At the conclusion of each weight level, additional weight is added until it is clear that the client has reached his safe maximum capability for that lifting task, which is confirmed by observing significant use of accessory muscles, less smooth movements, and noticeable changes in heart rate and respiration. The safe maximum five-repetition weight level is the level that the client is approved to lift on a rare basis (Table 1).
Now consider how you might perform in this lifting task. If we advanced the lifting demand until you were giving maximal effort and reached, for example, a 75-pound maximum on your waist to floor (i.e., squat) lift, which do you think is more likely to be your true frequency tolerance level to lifting objects that match your maximum lifting capacity in a real-world work environment? Up to 33% of the workday (2:40 in an 8-hour workday) or up to 5% of the workday (0:24 in an 8-hour workday)? The former (occasionally) would be the maximum capacity assigned to you by many FCE protocols while the latter (rarely) is the maximum capacity you would be approved to perform using the WorkWell approach.
Are FCEs error proof?
The WorkWell FCE protocol has been demonstrated to be reliable and reproducible. It has been supported by a significant amount of independent research, nearly one hundred peer reviewed articles, in fact, and it continues to evolve as scientific evidence grows. It is considered by many to be a gold standard for a reason, but, like each and every test and procedure used in medical professions, there exists some degree of error in any FCE process.

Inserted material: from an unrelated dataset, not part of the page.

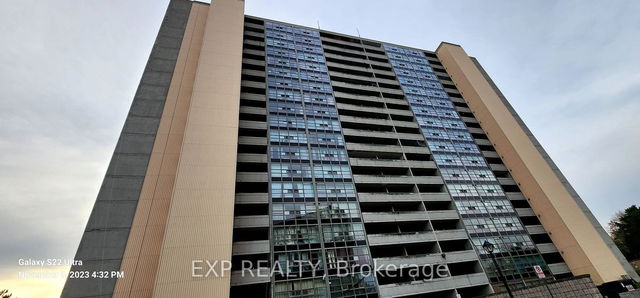 402 - 3380 Eglinton Avenue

Indeed, there is error in some of the most basic measures we use in our standard physical therapy evaluation process. When we measure range of motion (ROM), research indicates that there is a +/- 5-10 degree margin of error. Although we recognize that the measurement is not perfect, we continue to use these fundamental measurements since they provide information on the status of a patient as various markers of improvement, particularly when we understand that changes of less than 5 to 10 degrees may not be statistically significant. Similar principles apply to other medical measurements in the medical field like blood pressure changes.
The overall result of a review of decades of research has determined that there is great value in FCEs despite their imperfections, and the body of research continues to accumulate and consistently advises the medical team and other stakeholders who rely upon the objective information to make solid, informed decisions.

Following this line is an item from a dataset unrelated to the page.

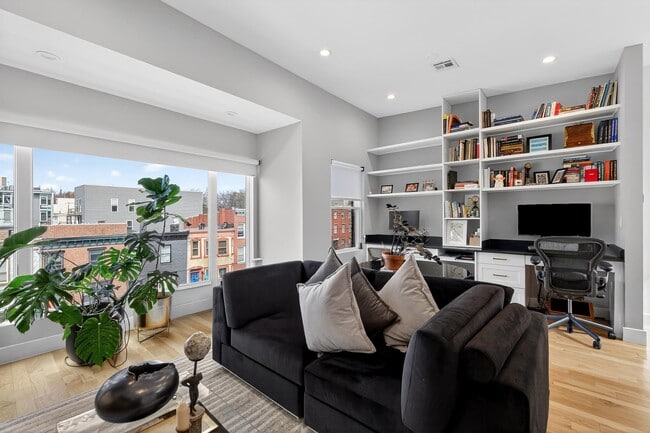 Building Photo - 303 4th St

The kinesiophysical approach is a unique blend of functional assessment and client coaching, an approach that is necessary to alleviate unnecessary errors and avoid inappropriate and subjective explanations of function in a process that is intended to be objective.
FCEs are not error proof, and they never will be, but it is important to understand the value they bring to the marketplace, which is understandable given that the snapshot of performance observed during an FCE is up to 20 times longer than the amount of time a physician dedicates to functional performance during a standard medical evaluation.
Perhaps more germane than the question of whether an FCE is error proof is an understanding of the assessment approach used by the evaluator during the FCE process. The kinesiophysical approach is a unique blend of functional assessment and client coaching, an approach that is necessary to alleviate unnecessary errors and avoid inappropriate and subjective explanations of function in a process that is intended to be objective.